- _EXERCISE AIM_:
Print the listing below verbatim, passing over each picture.

- _STORED DATA_:
━━━━━━

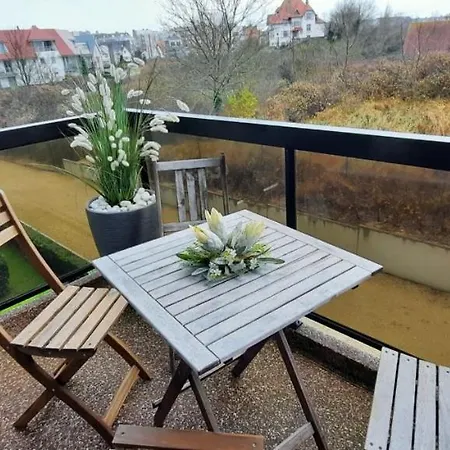 Apartment Promenade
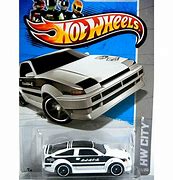 Image result for 2019 Toyota Corolla Hot Wheels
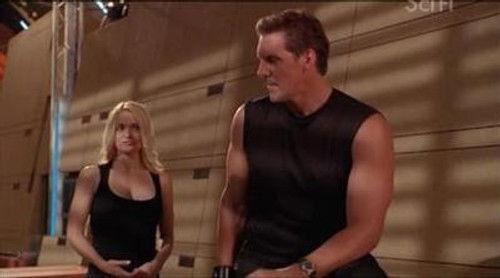 Mutant X Season 1 Episode 10 - Dark Star Rising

━━━━━━

- _RESPONSE AREA_:
 Apartment Promenade
 Image result for 2019 Toyota Corolla Hot Wheels
 Mutant X Season 1 Episode 10 - Dark Star Rising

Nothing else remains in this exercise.